◆ WORK INSTRUCTION: Begin at the first line of the data and copy each line through the one containing "Briceland plant from Rocky Knoll Farm", that line included, with no pictures.

◆ INPUT MATERIAL:
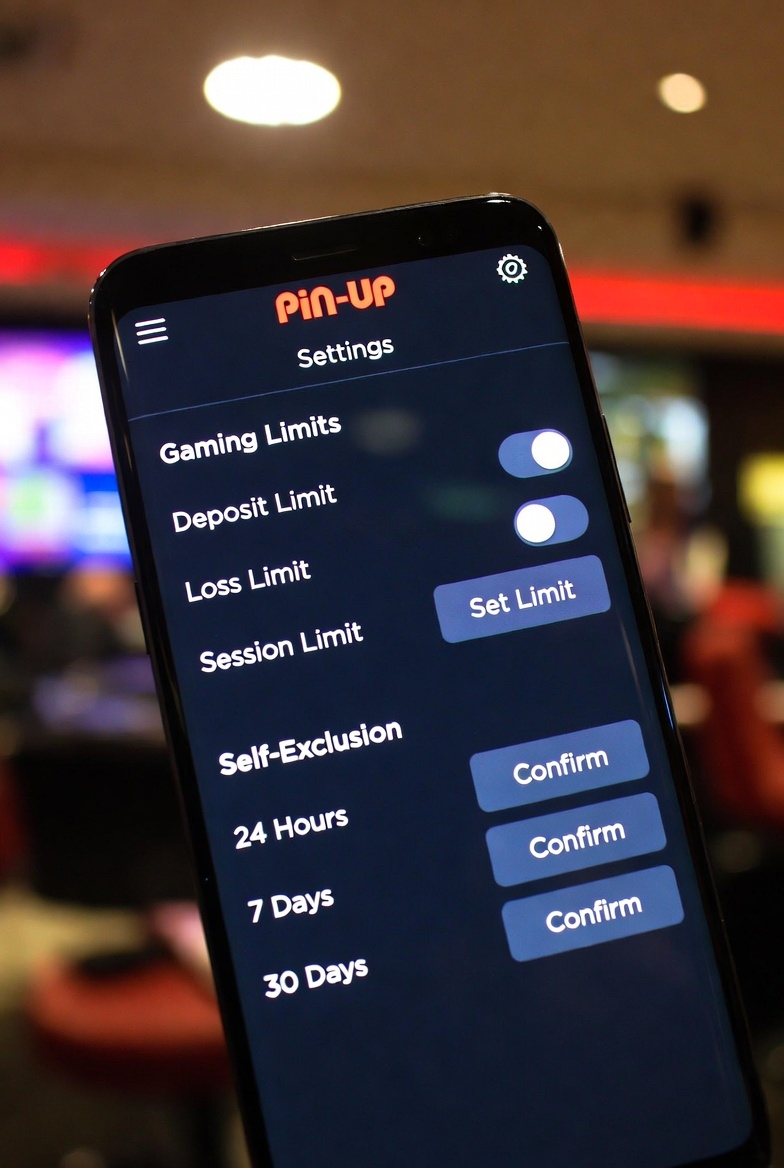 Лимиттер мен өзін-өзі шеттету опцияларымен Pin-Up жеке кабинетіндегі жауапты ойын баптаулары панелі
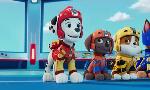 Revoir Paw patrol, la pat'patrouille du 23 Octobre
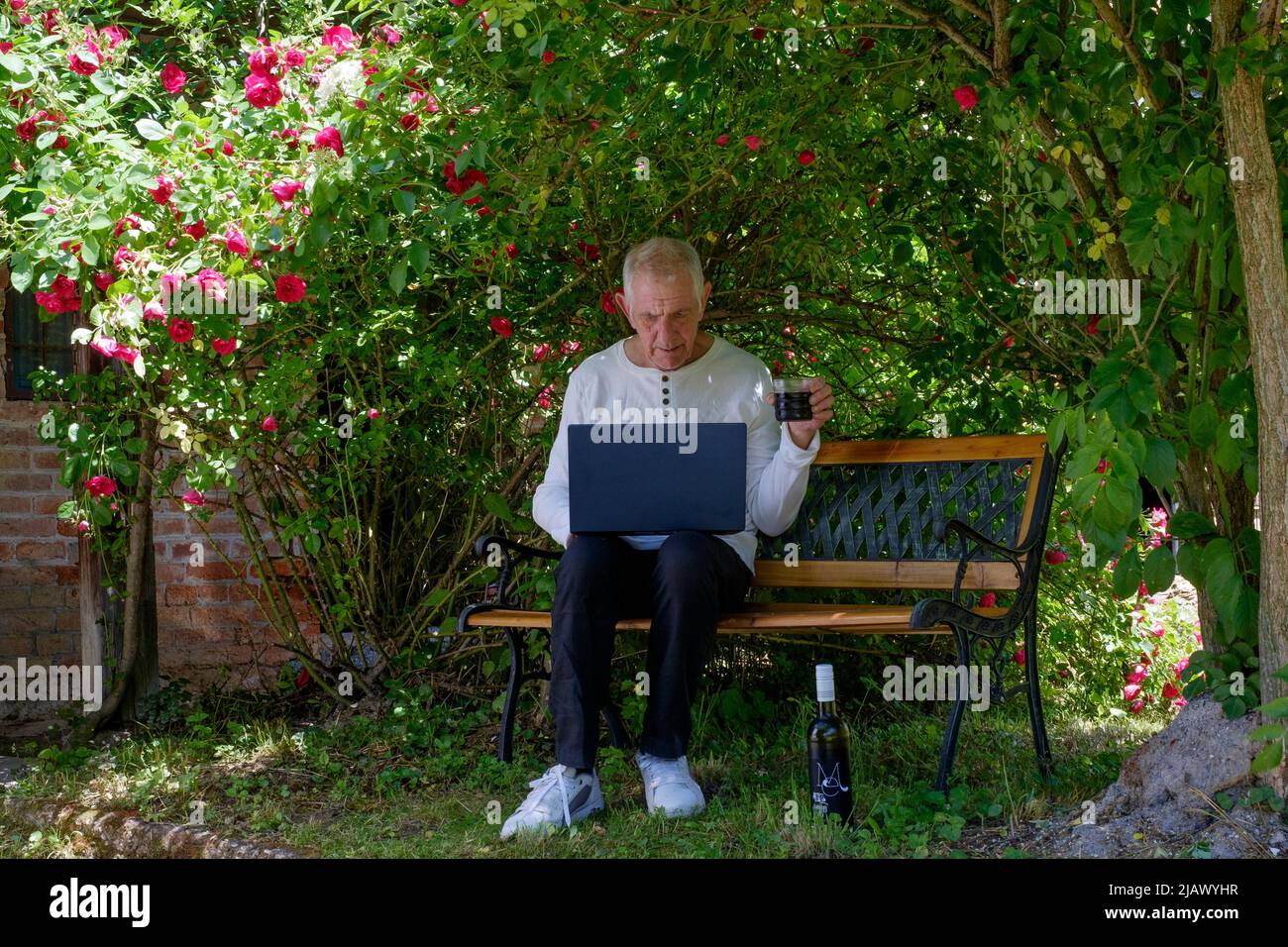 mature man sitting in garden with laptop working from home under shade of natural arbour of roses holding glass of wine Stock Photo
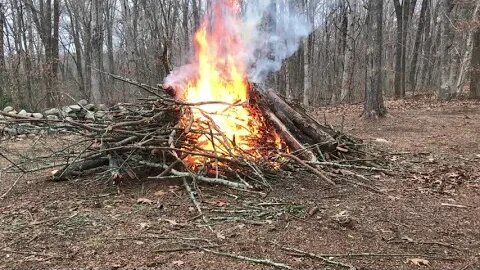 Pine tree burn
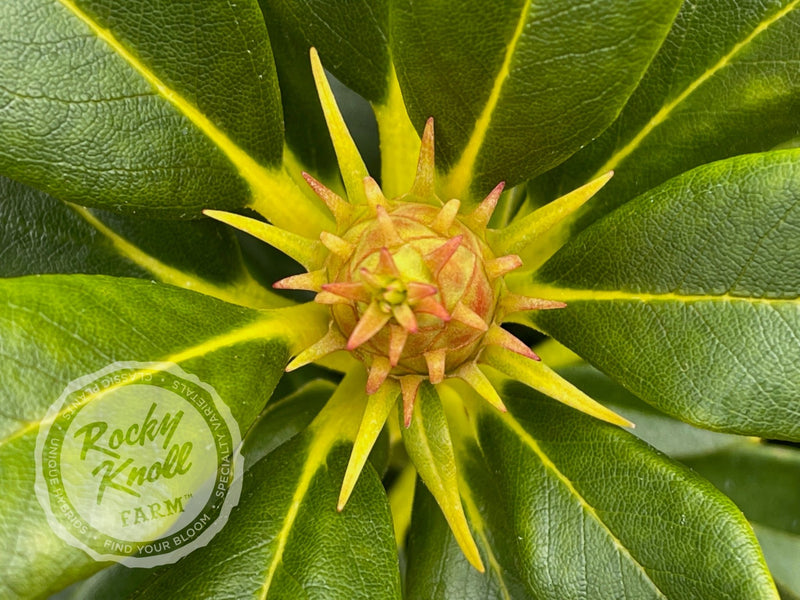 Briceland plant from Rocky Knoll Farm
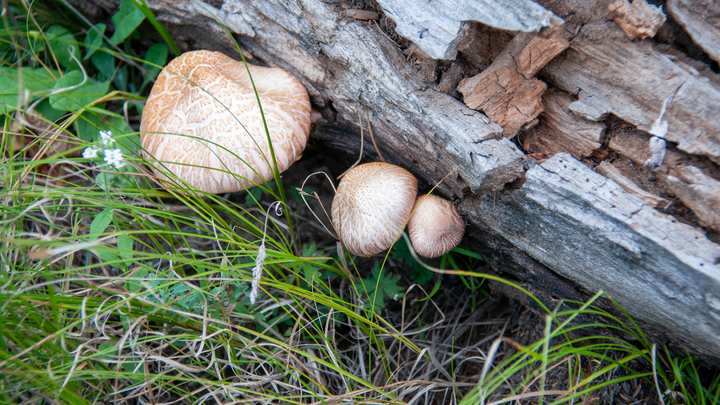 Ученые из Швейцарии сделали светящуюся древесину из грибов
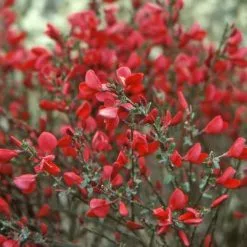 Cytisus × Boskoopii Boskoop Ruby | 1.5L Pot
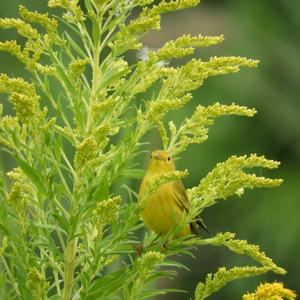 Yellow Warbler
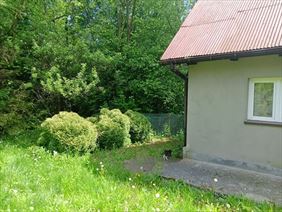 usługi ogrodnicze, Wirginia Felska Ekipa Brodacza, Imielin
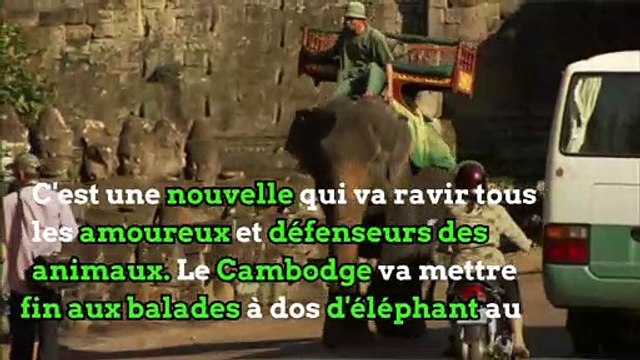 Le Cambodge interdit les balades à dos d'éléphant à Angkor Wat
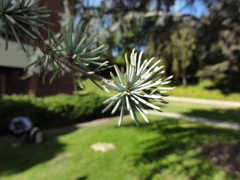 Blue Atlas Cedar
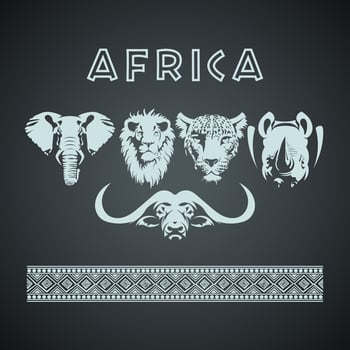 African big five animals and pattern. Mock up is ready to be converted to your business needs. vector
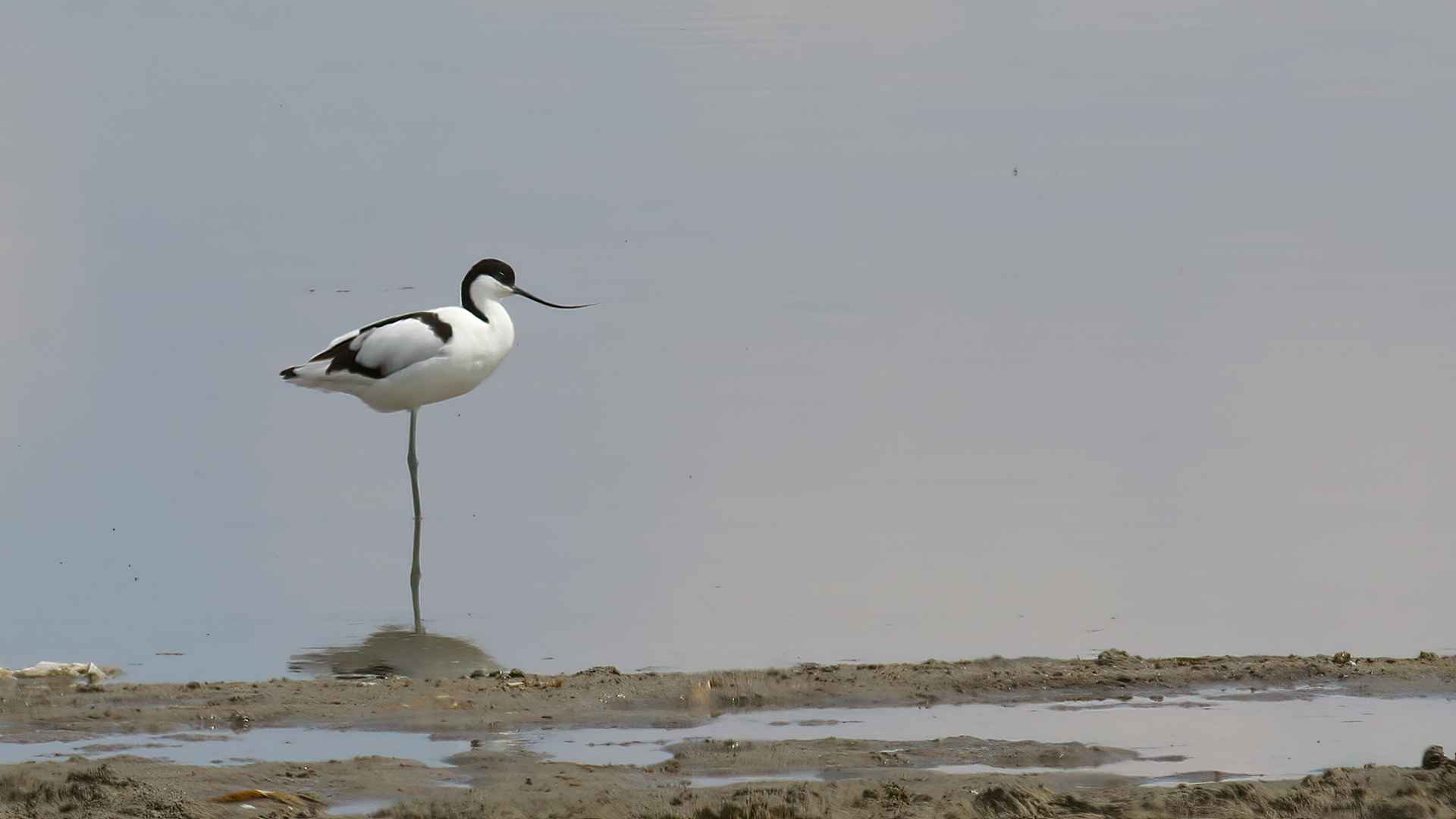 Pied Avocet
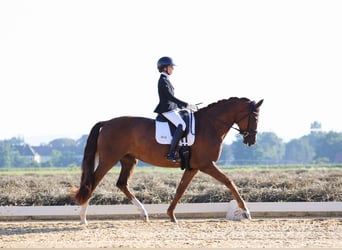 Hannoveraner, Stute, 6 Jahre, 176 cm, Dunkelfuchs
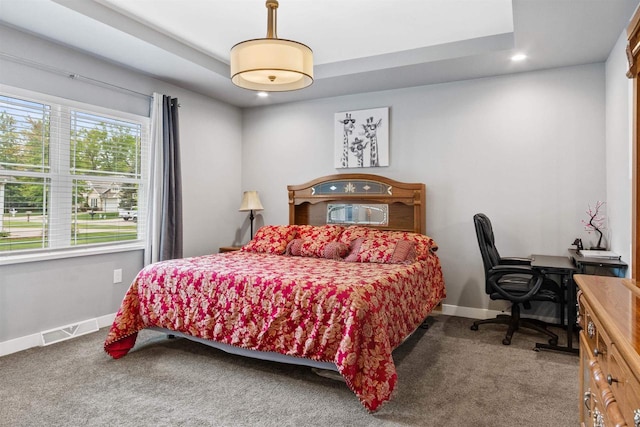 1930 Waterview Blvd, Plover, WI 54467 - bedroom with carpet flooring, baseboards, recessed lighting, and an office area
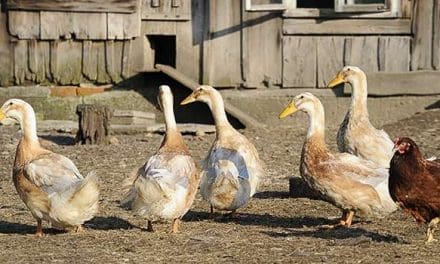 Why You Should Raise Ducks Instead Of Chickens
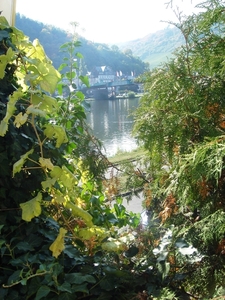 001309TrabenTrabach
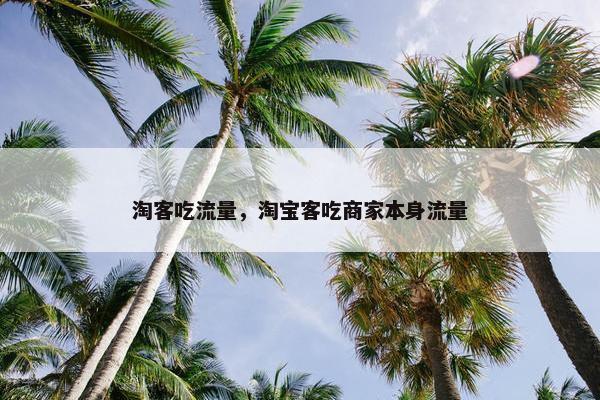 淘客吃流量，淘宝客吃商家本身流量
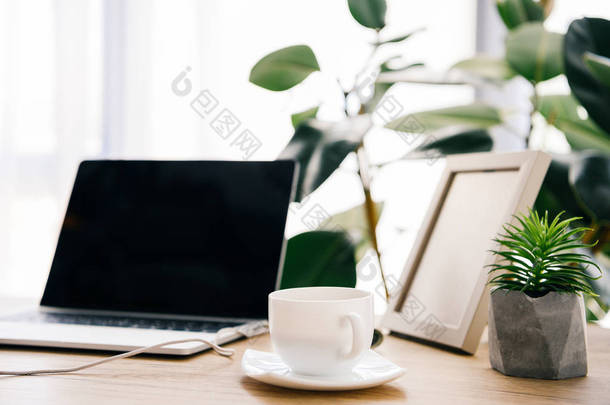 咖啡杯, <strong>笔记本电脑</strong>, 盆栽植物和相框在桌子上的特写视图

◆ EXERCISE RESULT:
 Лимиттер мен өзін-өзі шеттету опцияларымен Pin-Up жеке кабинетіндегі жауапты ойын баптаулары панелі
 Revoir Paw patrol, la pat'patrouille du 23 Octobre
 mature man sitting in garden with laptop working from home under shade of natural arbour of roses holding glass of wine Stock Photo
 Pine tree burn
 Briceland plant from Rocky Knoll Farm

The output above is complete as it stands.